Remote Sensing (Feb 2025)
Improvement of FAPAR Estimation Under the Presence of Non-Green Vegetation Considering Fractional Vegetation Coverage
Abstract
The homogeneous turbid medium assumption inherent to the Beer-Lambert’s law can lead to a reduction in the shading effect between leaves when non-green vegetation canopies are present, resulting in an overestimation of the fraction of absorbed photosynthetically active radiation (FAPAR). This paper proposed a method to improve the FAPAR estimation (FAPARFVC) based on Beer-Lambert’s law by incorporating fractional vegetation coverage (FVC). Initially, the canopy-scale leaf area index (LAI) of the green canopy distribution area within the pixel (sample site) was determined based on the FVC. Subsequently, the canopy-scale FAPAR was calculated within the green canopy distribution area, adhering to the assumption of a homogeneous turbid medium in the Beer-Lambert’s law. Finally, the average FAPAR across the pixel (sample site) was calculated based on the FVC. This paper conducted a case study using measured data from the BigFoot Project and grass savanna in Senegal, West Africa, as well as Moderate Resolution Imaging Spectroradiometer (MODIS) LAI/FPAR products.
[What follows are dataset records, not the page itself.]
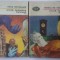 MANA FERMECATA / ELIXIRUL DE VIATA LUNGA (2 VOL.) - BPT 1109,1110
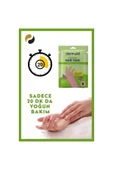 Dermokil Onarıcı El Maskesi 30 Ml 2 ' Li Set - 2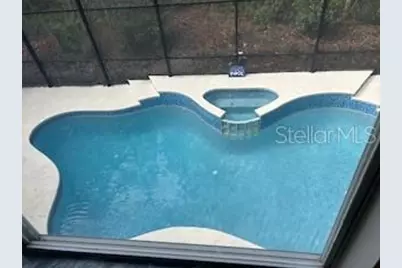 2297 Blossomwood Drive, Oviedo, FL 32765 - Photo 6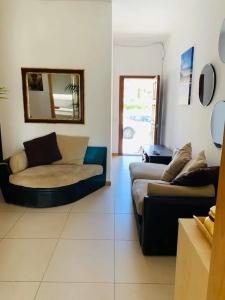 Hostel Malti Budget - 44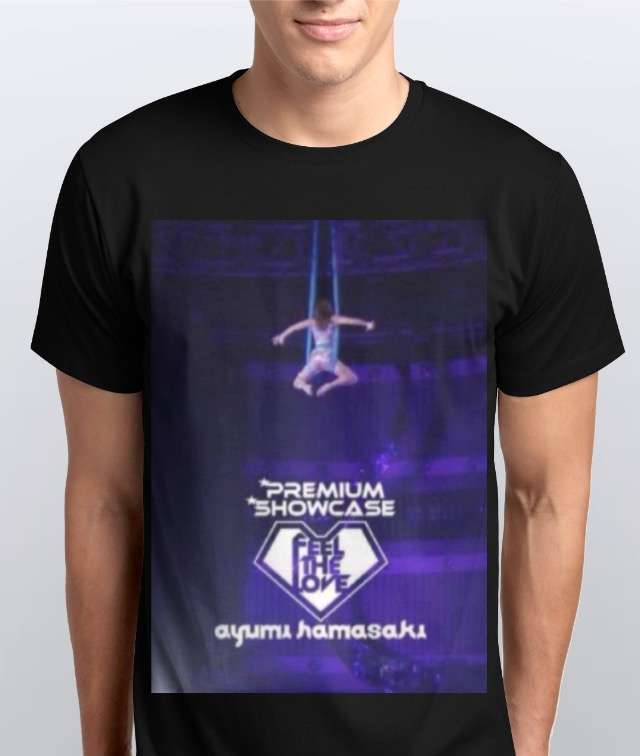 浜崎あゆみ、あの歌姫2人に寄せすぎていると批判殺到「髪型もメイクもパクリ」「これは意識しすぎ」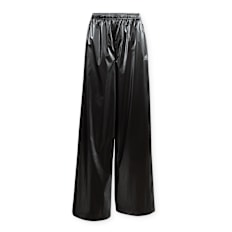 adidas Originals F50 TrackPant zwart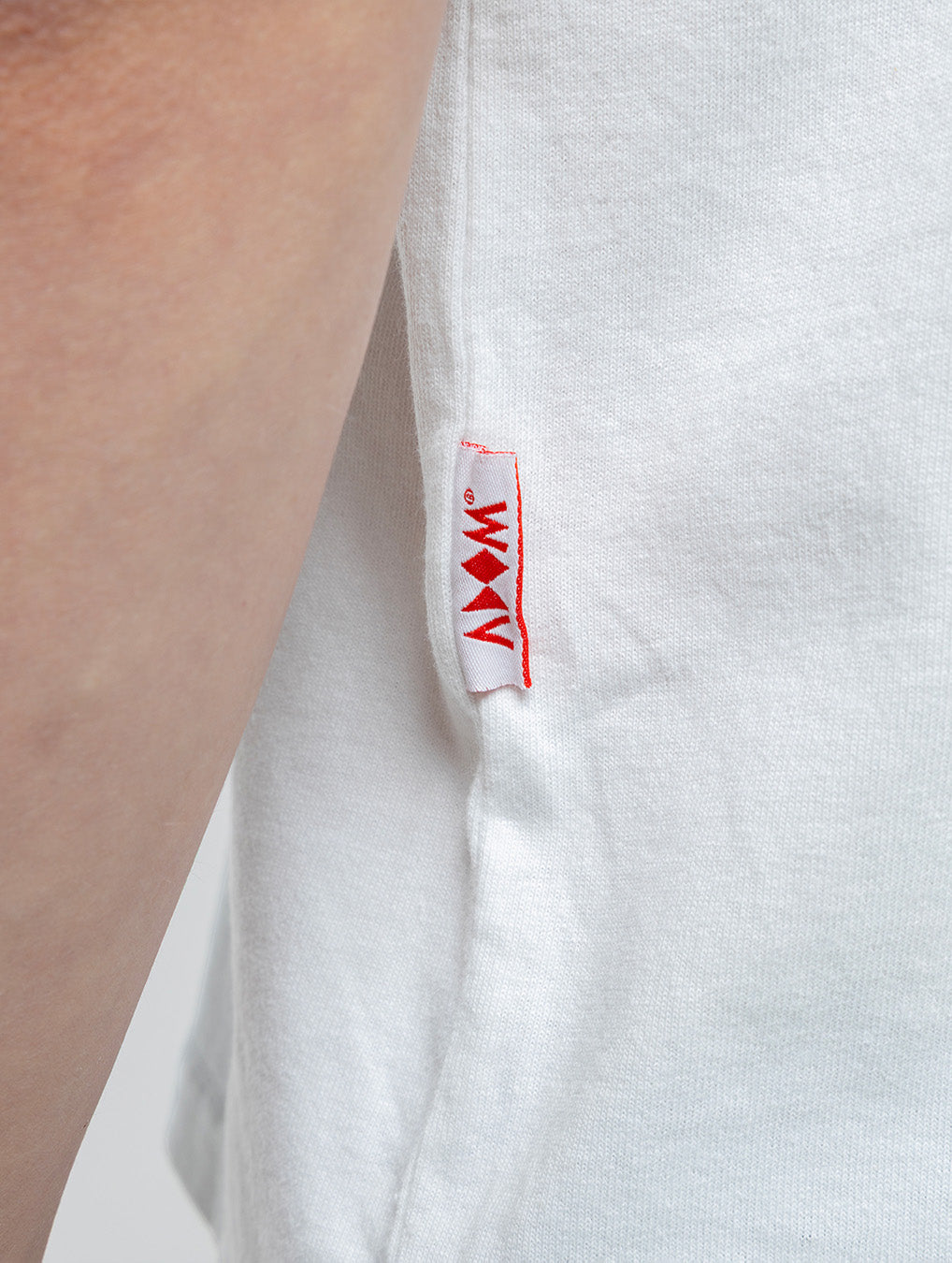 2 PACK CREWNECK T-SHIRTS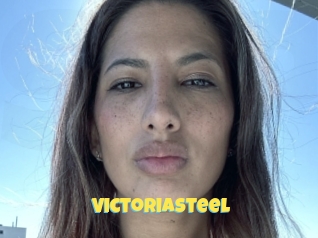 Victoriasteel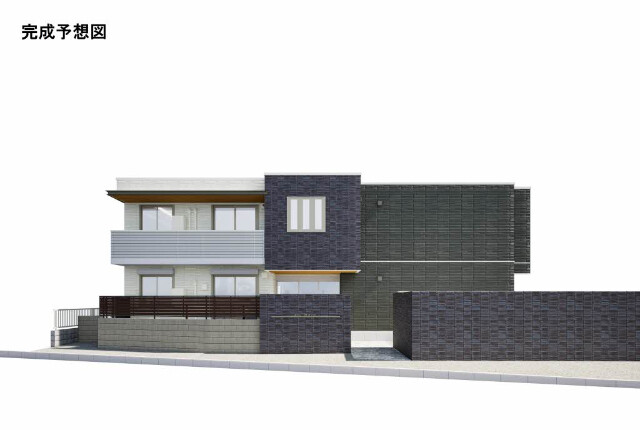 ¥¢¥¤¥Ó¡¼ÁÒÉß¡¡£ÃÅï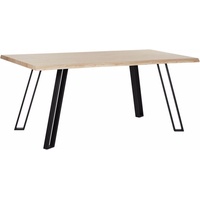 Beliani Esstisch GRAHAM 180 cm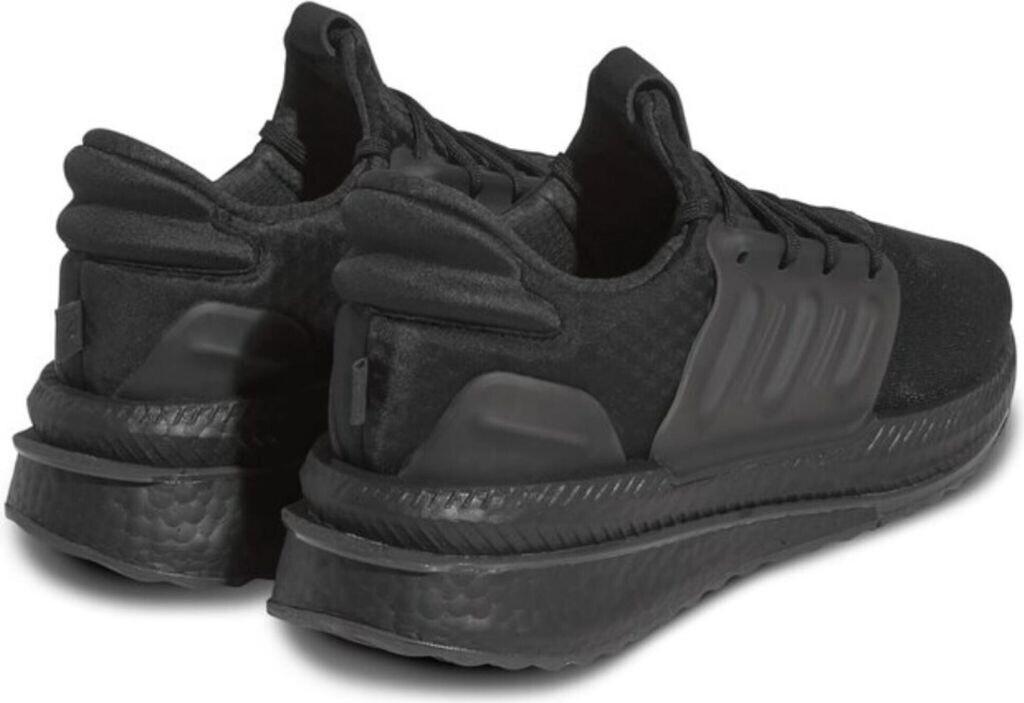 Sneakers Adidas X_PLRBOOST Core Black/grey Five/core Black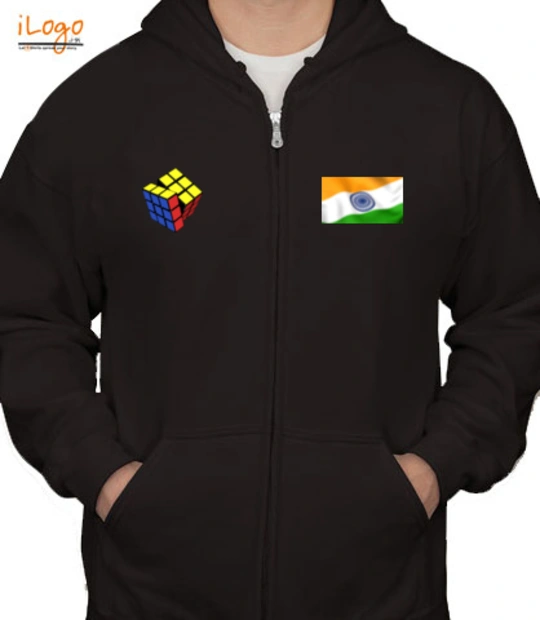 Shirt design T-Shirt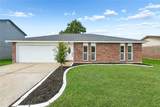 2476 Paige Janette Drive - Photo 2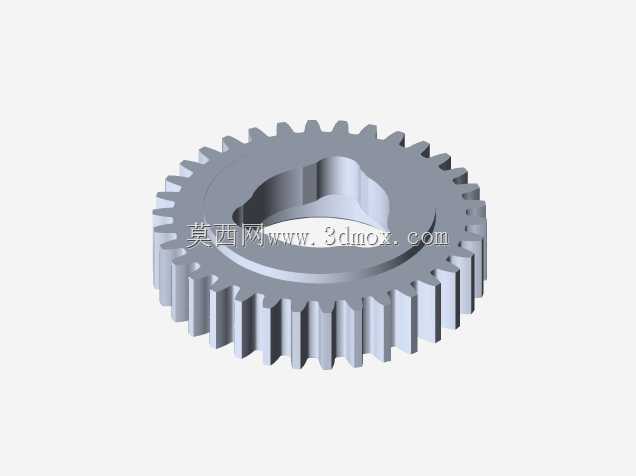Bit Buckets FRC 4183 2015 �����ڴ���ϵͳ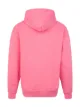 Image 2 of Stadium Goods Eco logo-embroidered hoodie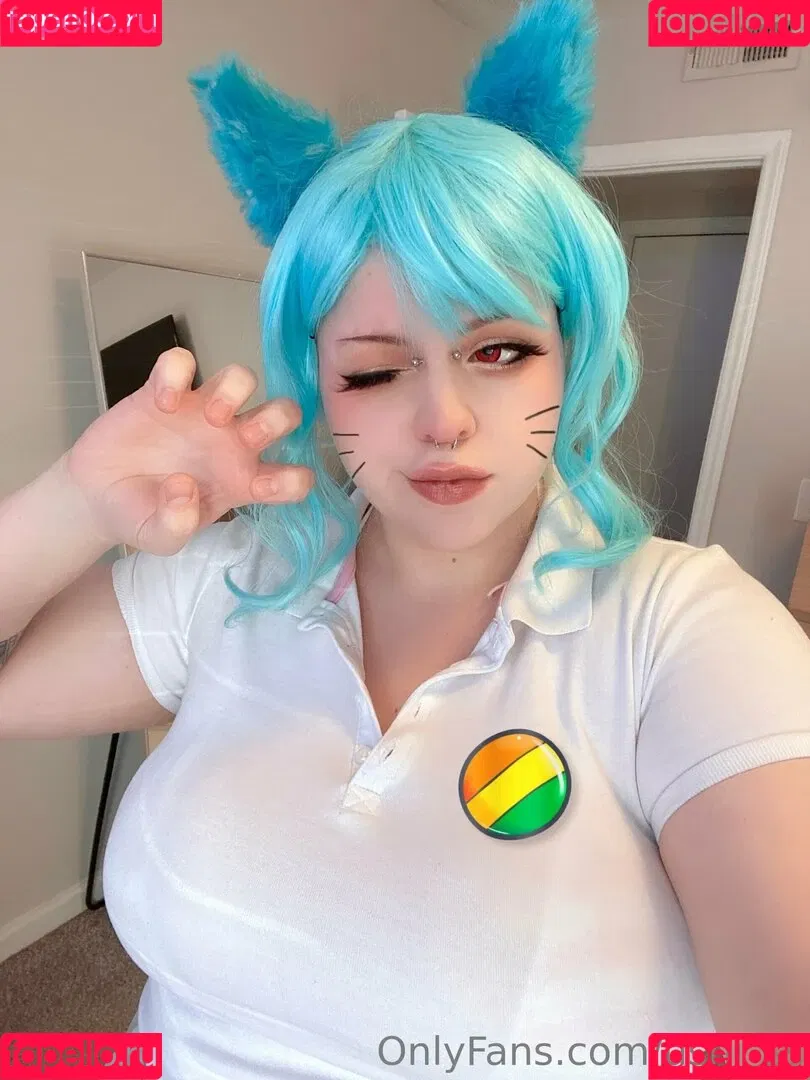 ushi_ss Onlyfans Photo Gallery 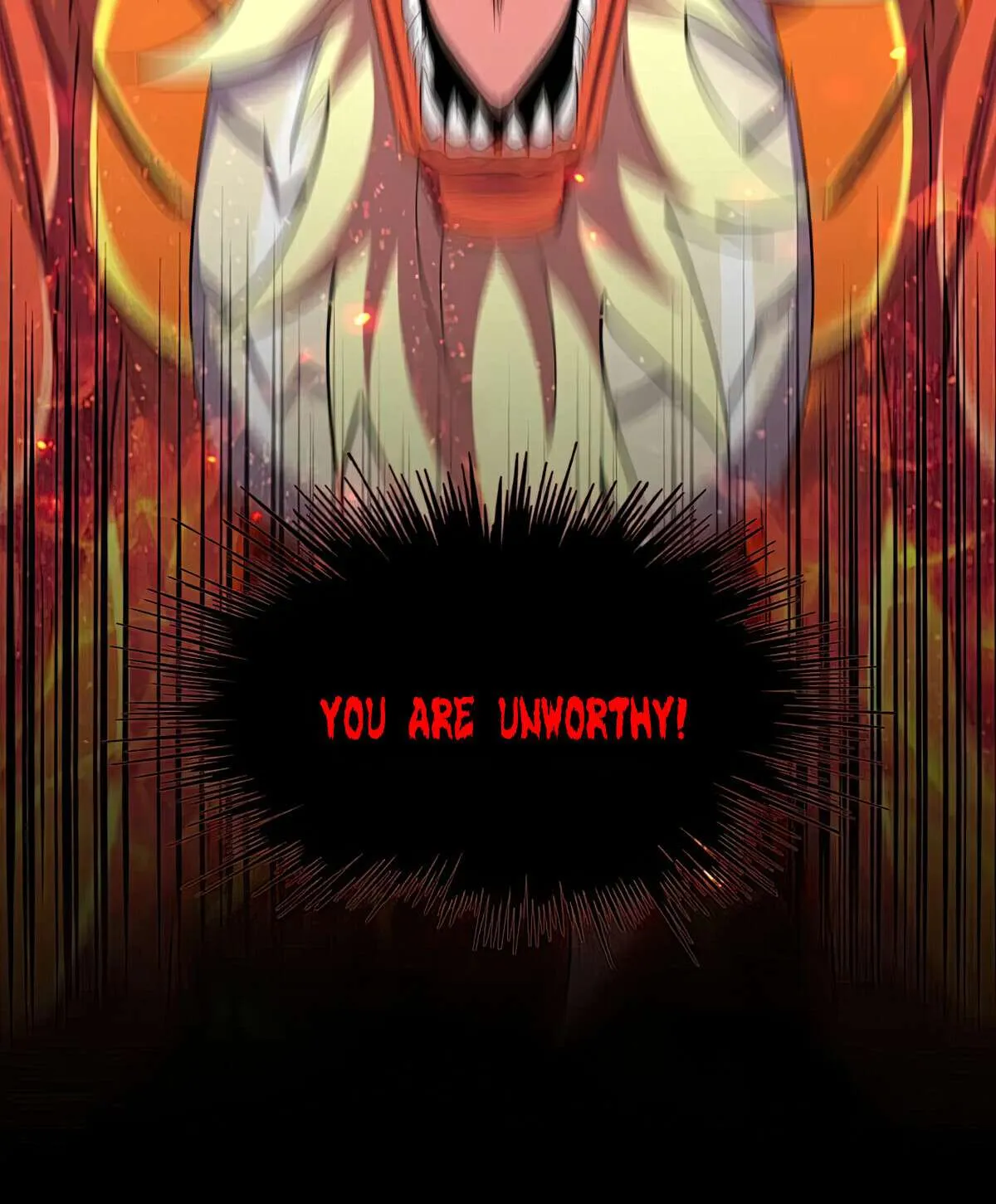 Magic Emperor Chapter 376 page 69 - 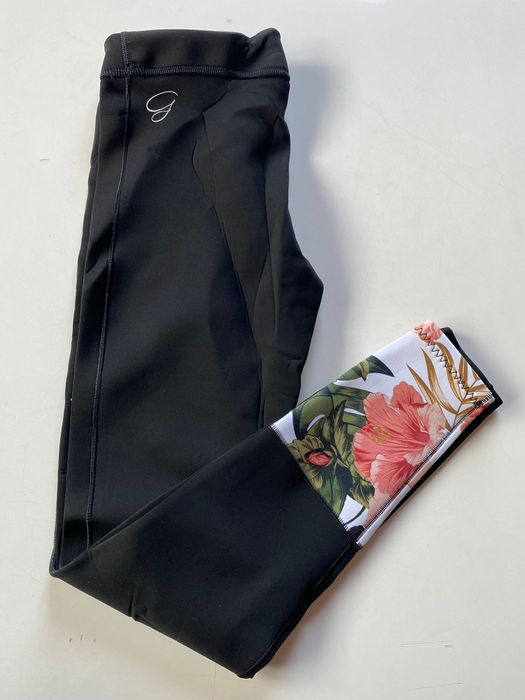 Rip Curl Neopren set G-Bomb размер 10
The results indicated that the FAPARFVC approach demonstrated superior accuracy compared to the FAPAR determined by MODIS LAI, according to the Beer-Lambert’s law (FAPARLAI) and MODIS FPAR products (FAPARMOD). The mean absolute percentage error of FAPARFVC was 48.2%, which is 25.6% and 52.1% lower than that of FAPARLAI and FAPARMOD, respectively. The mean percentage error of FAPARFVC was 16.8%, which was 71.6% and 73.4% lower than that of FAPARLAI and FAPARMOD, respectively. The improvements in accuracy and the decrease in overestimation for FAPARFVC became more pronounced with increasing FVC compared to FAPARLAI. The findings suggested that the FAPARFVC method enhanced the accuracy of FAPAR estimation under the presence of non-green vegetation canopies. The method can be extended to regional scale FAPAR and gross primary production (GPP) estimations, thereby providing more accurate inputs for understanding its tempo-spatial patterns and drivers.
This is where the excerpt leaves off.